Geralmente, não gosto de falar sobre política interna fora do país. Mas cada Presidente tem um estilo único e a democracia norte-americana move-se em ciclos. Houve três grandes ciclos desde a guerra civil. Tivemos a Era Dourada, a Era Progressista e depois a Era de Reagan, com o setor privado. Nos últimos 40 anos trabalhamos para reduzir o papel do Estado. Isso fez crescer o descontentamento na esquerda norte-americana que exigia maiores investimentos em infra-estrutura, melhores escolas públicas, o perdão da dívida aos estudantes, seguros de saúde. Estas são todas as manifestações que dizem que o ciclo vai mudar. Esta é a genialidade das democracias. O problema com as ditaduras é que não se autocorrigem. Nas democracias, o senso comum, eventualmente, chega ao sistema eleitoral e resulta em mudanças nas políticas. Pode levar 10 anos, 20 anos, 30 anos, mas eventualmente as pessoas expressam os seus desejos nas urnas e as políticas refletem isso.
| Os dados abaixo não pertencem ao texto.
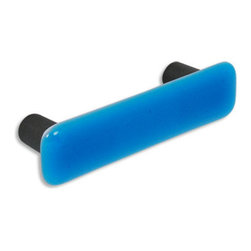 CKP - Art Glass Pull, Turquoise Blue, Oil-Rubbed Bronze Base - Cabinet And Drawer Handle Pulls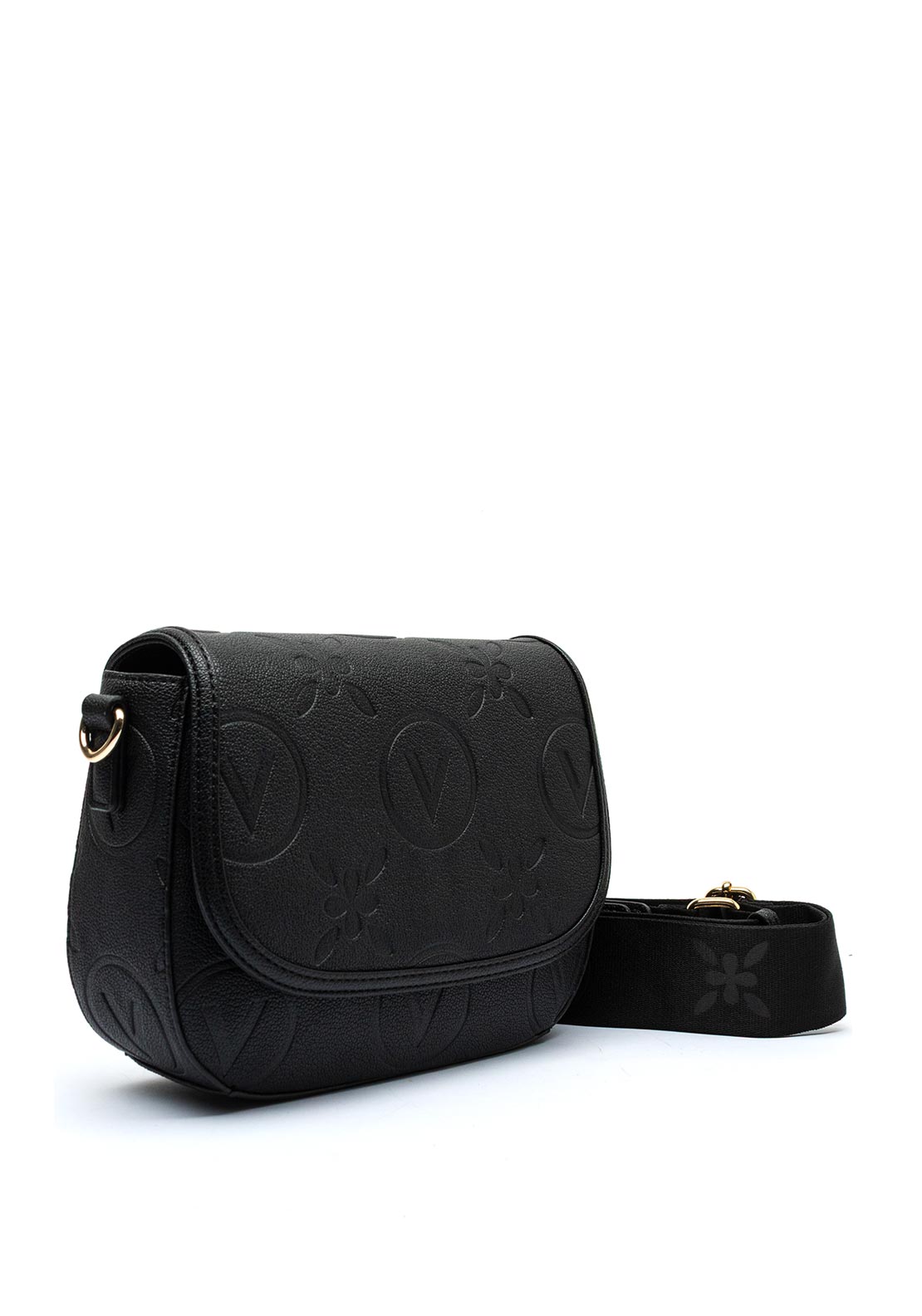 Valentino Samba Re Flap Bag, Black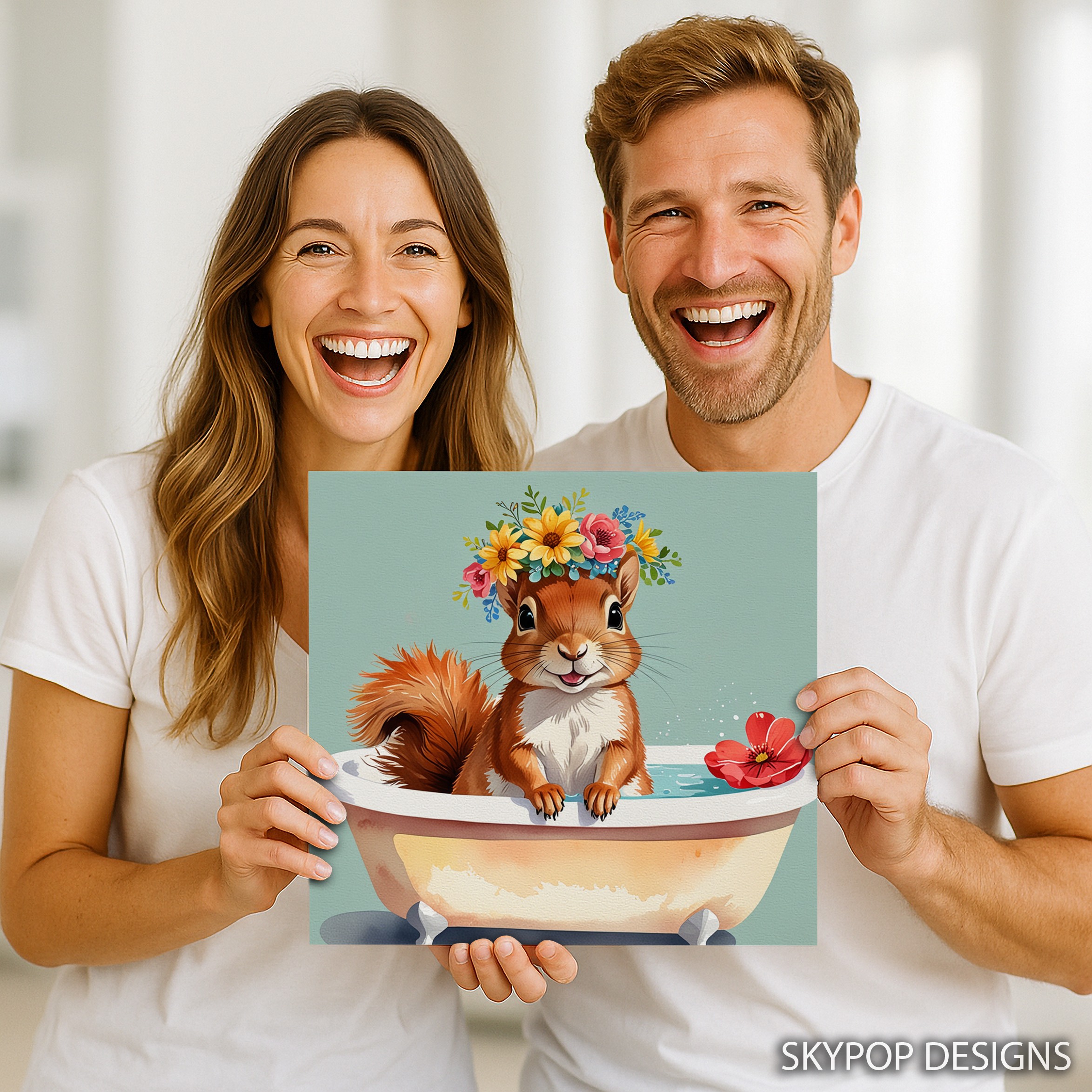 3.jpg Squirrel Bathtub Art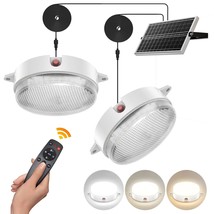 Solar Ceiling Lights 2 Pack, Daytime Available 3200K/4000K/6000K Dimmable Solar  - £74.11 GBP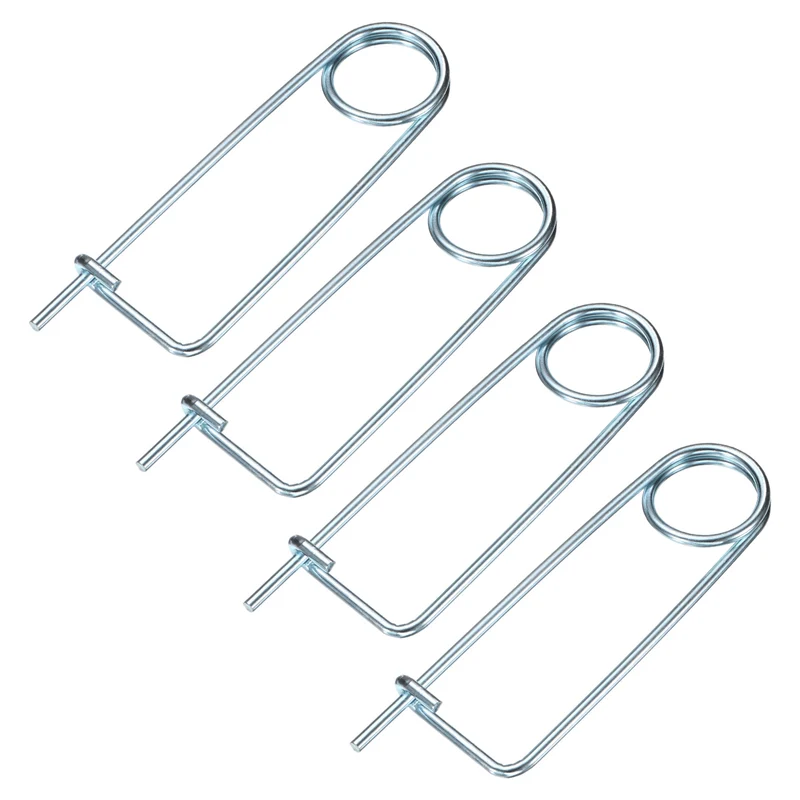 4-Pack Brooch Shape Cotter Safety Pin, 5x110mm Quick Lock Brooch Fastener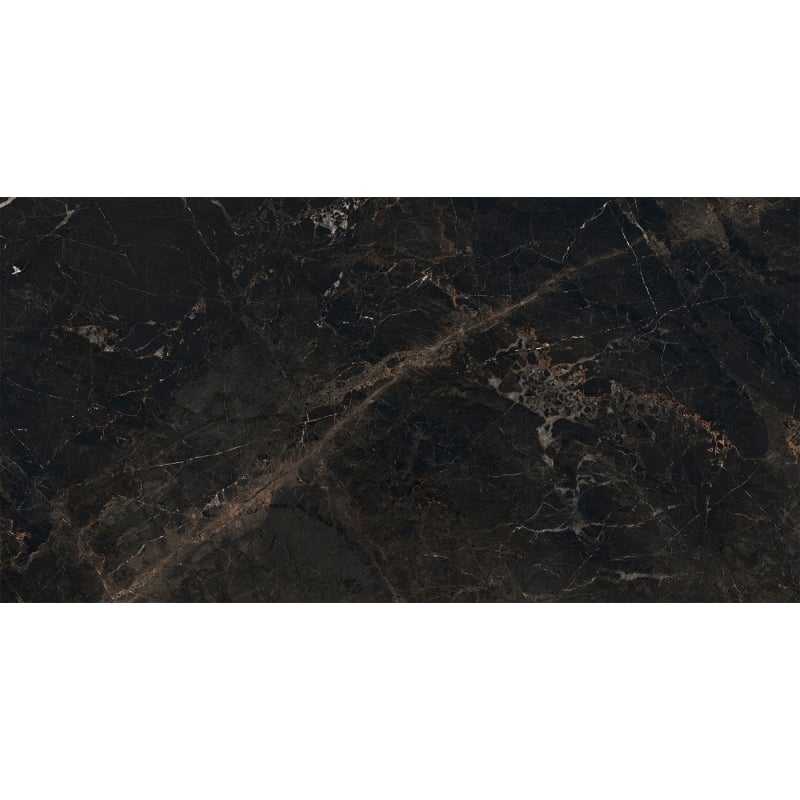 Mexen Marquino Fekete mázas kőagyag rekt. G1, padló- és falburkoló lap 120 x 60 cm, magasfényű - TL214-120-060-00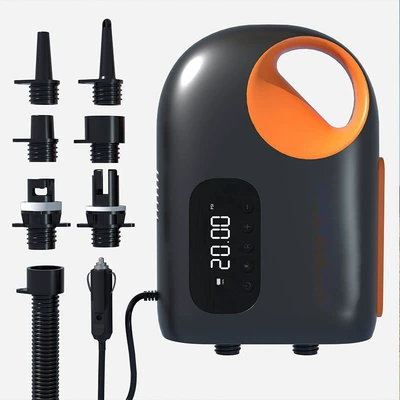 New Kayak Car-Mounted Air Pump Outdoor Portable Electric Air Mattress Sup Paddle Board Wireless Air Pump (Hava nasosu) - car-mounted-wired-model-charging-and-suction-dual-purpose-3369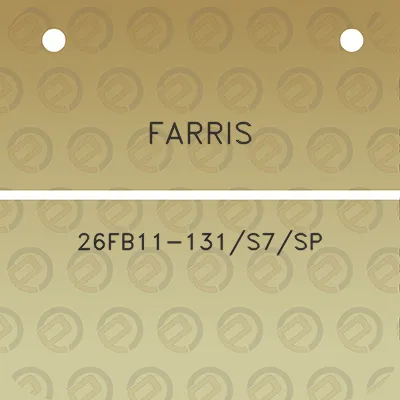 farris-26fb11-131s7sp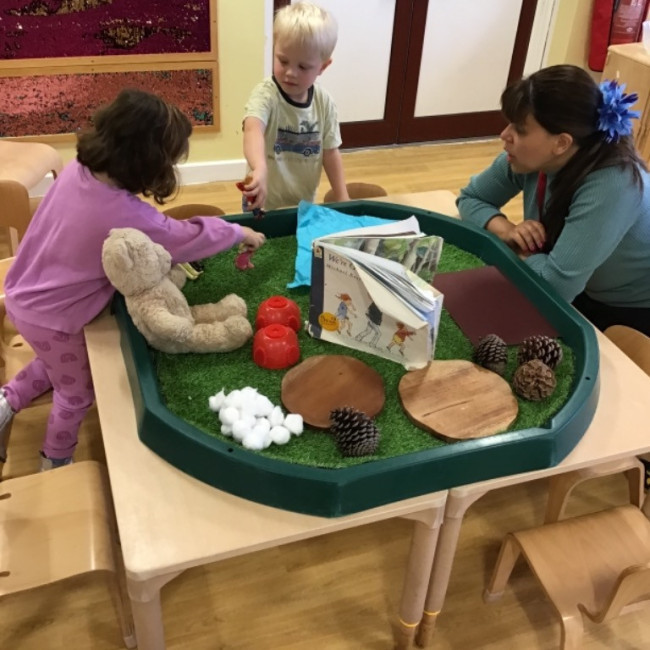 Children playing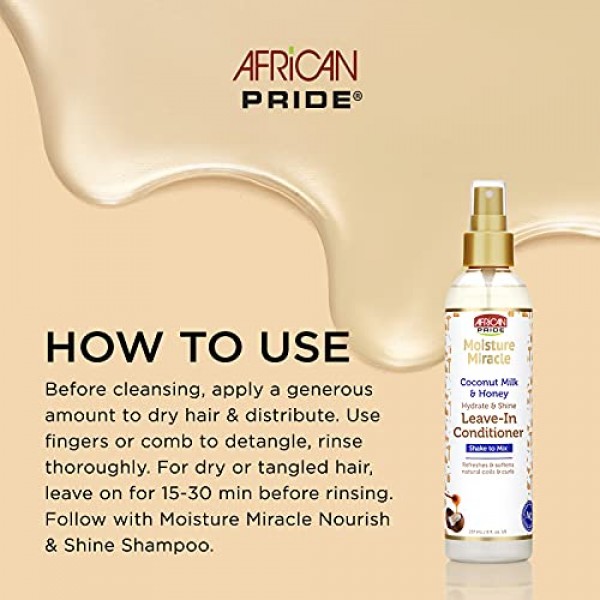 African Pride Moisture Miracle Coconut Milk & Honey Leave-In Cond...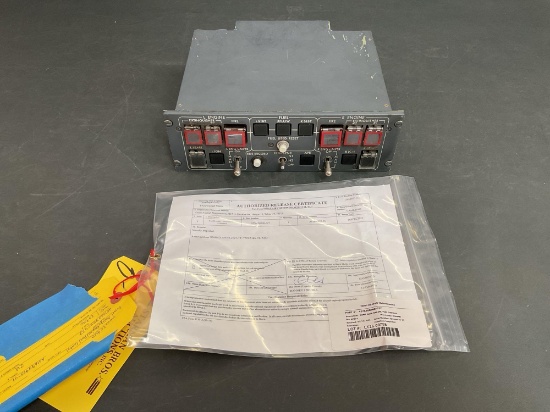 LEAR 45 ENGINE/FUEL CONTROL PANEL 4576108500-027 (INSPECTED/REMOVED FROM TEARDOWN AIRCRAFT WITH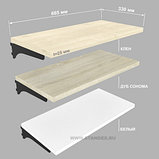 Рама настенного стеллажа, перфорированная. Ширина 690 мм. Три высоты. Легкая серия ., фото 5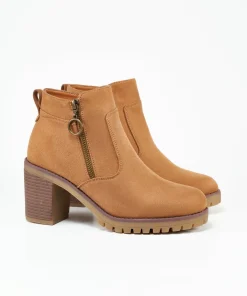 Botin Cremallera Lateral Efecto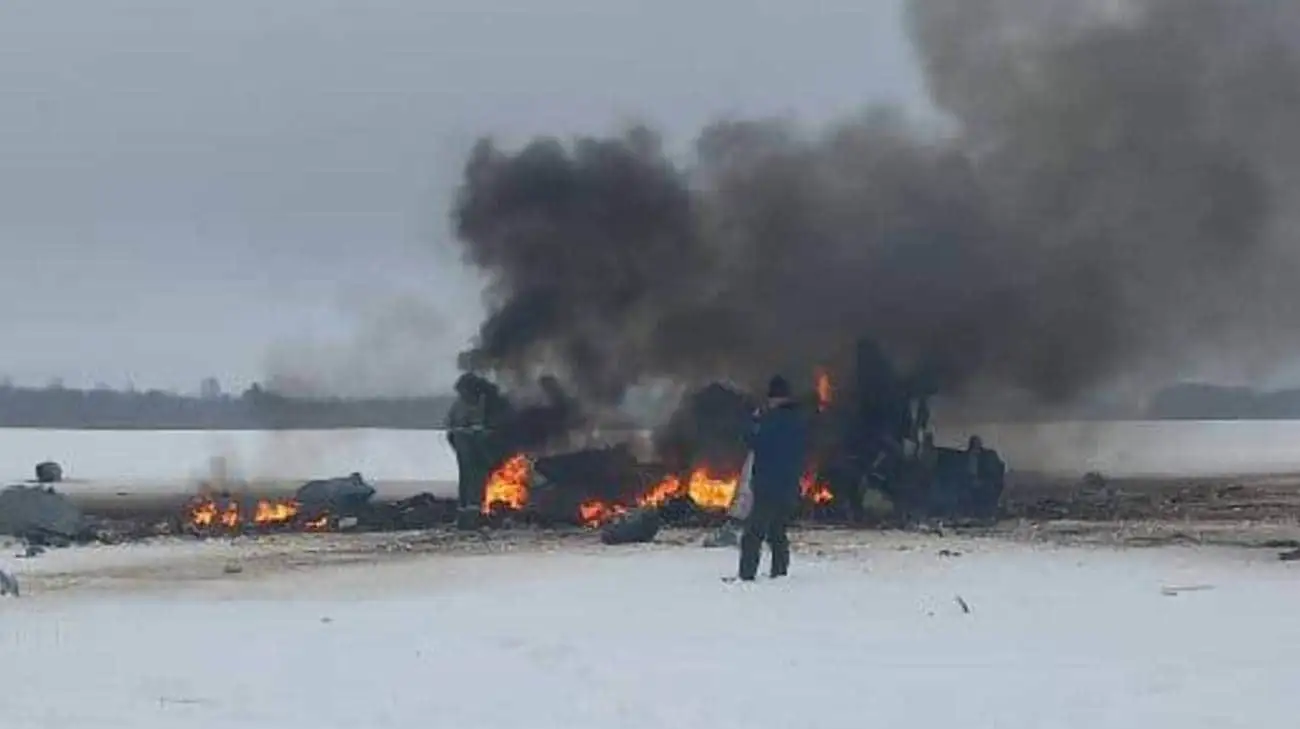 Attack helicopter crashes in Russia, crew dead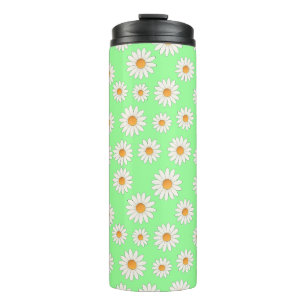 Chic Daisy Flower Pattern – Cute Floral Designe - Thermal Tumbler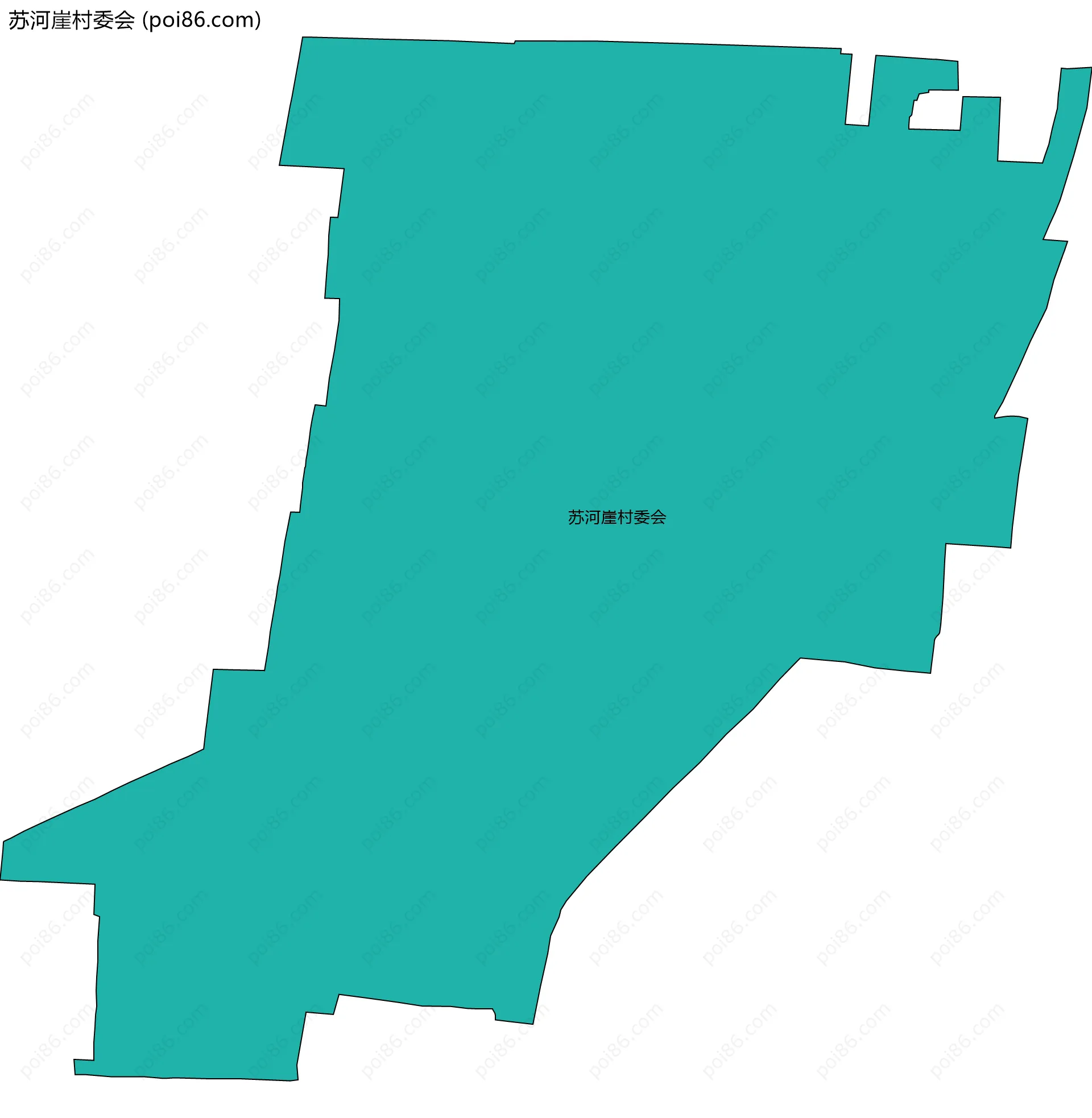 苏河崖村委会边界地图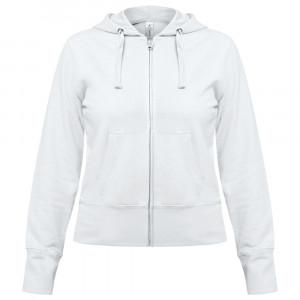 Толстовка женская Hooded Full Zip белая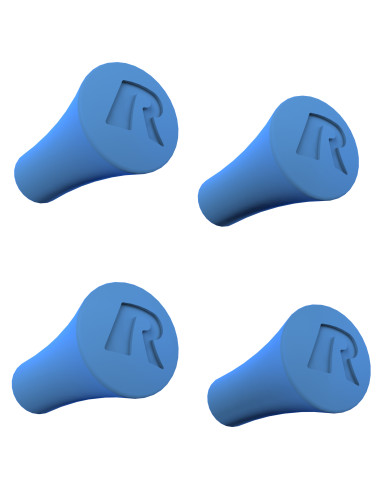 RAM® X-Grip® Blue Rubber Cap 4-Pack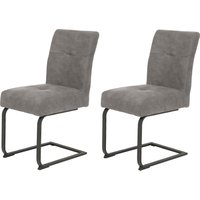 HELA Esszimmerstuhl "Luise", Schwingstuhl, Freischwinger, 2er-Set, Sitz mit Federkern, extra dicke Polsterung HELA Esszimmerstuhl "Luise", Schwingstuhl, Freischwinger, 2er-Set, Sitz mit Federkern, extra dicke Polsterung von Hela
Os Presidentes não são colecionadores de informações secretas. Por que razão Trump manteve documentos confidenciais numa casa na Flórida que era insegura e potencialmente vulnerável a agências de inteligência estrangeiras?
Há muita especulação sobre o assunto na imprensa. Não há nada a acrescentar. O caso já seguiu para os tribunais. Talvez Trump compre um campo de golfe em Portugal e depois esteja disponível para uma entrevista.